Some of my best journaling experiences are when on vacation or camping. Being outdoors is very refreshing. Schedule journaling time and be consistent. You can journal anywhere. ~ Patti Oskvarek, Leadership and Work-Life Balance Coach
(Patti) What do you need for journaling?
Pen and Paper or
A notebook or journal or
There are journal apps or
Journaling Prompts on Pinterest, Writing Coaches Websites, etc.
(Angela) Tip: You can choose a time of day that suits your journal’s focus and the best way to maximize your consciousness.
(Angela) The morning is good for setting your intent and energy for the day.

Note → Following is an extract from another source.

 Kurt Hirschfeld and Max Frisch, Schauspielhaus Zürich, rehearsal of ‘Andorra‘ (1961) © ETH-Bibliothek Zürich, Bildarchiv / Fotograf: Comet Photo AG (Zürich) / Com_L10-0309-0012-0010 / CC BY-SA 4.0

(Angela) The night before sleep is good for reviewing problems, patterns, and whether you achieved your goal for the day, or if you set an intention for your relationships to be calm in the morning, in the evening, you can review – How did this go?
(Angela) I sometimes set myself a journal exercise, for example at noon to review my feelings, so I set the alarm and check in with my feelings at noon and write.

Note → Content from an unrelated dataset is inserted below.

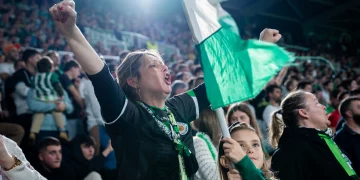 El bolso perdido y recuperado tras el partido del Racing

(Angela) What time of day do you naturally feel like looking inward? If you don’t have a habit of looking inward, you can start by setting a time to focus on one question. Write on it – and then after one week of journaling, ask yourself, was this the best time for me to journal? If not, ask yourself what a better time to journal is. Sometimes we create obstacles to journaling because you’re trying to write at the wrong time of day that is the best time of day to connect with yourself and your intuition. I have clients who have resistance to journaling, and sometimes it’s because they are writing at the wrong time of the day or week.

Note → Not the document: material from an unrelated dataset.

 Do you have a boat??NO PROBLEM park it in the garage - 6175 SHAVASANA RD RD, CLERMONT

(Angela) If you are not really convinced that journaling can change you in a way that brings outer world success, you can measure this success. When you journal over time, you can watch the change in your connection to your inner world, which changes the way you act or behave in your relationships.
(Angela) Journaling over a period of time with gradual and consistent practice brings deep change. It’s like water dripping on a rock over time. You get this beautiful shape formed by the water constantly moving through the rock.
(Angela) Patti has some specific questions to answer in your journal about relationships which could start to change the way you understand yourself and your relationships. And these questions you can come back to over time to build an ongoing relationship with yourself. This is how coaches use questions to write answers to develop self-knowledge and deepen your relationship with yourself.
(Patti) Here is some Journaling prompts to deepen and save your relationships: Most of these prompts can be used with any relationship type—friendship, romantic, family, or work.
Describe what you want in the relationship?
Describe what you don’t want in the relationship?
What is the relationship like at the moment?
What is working well in the relationship?
What one thing can you do to make the relationship better and more of what you want it to be?
What does love mean to you?
What does love mean to your partner?
What is meaningful about the relationship?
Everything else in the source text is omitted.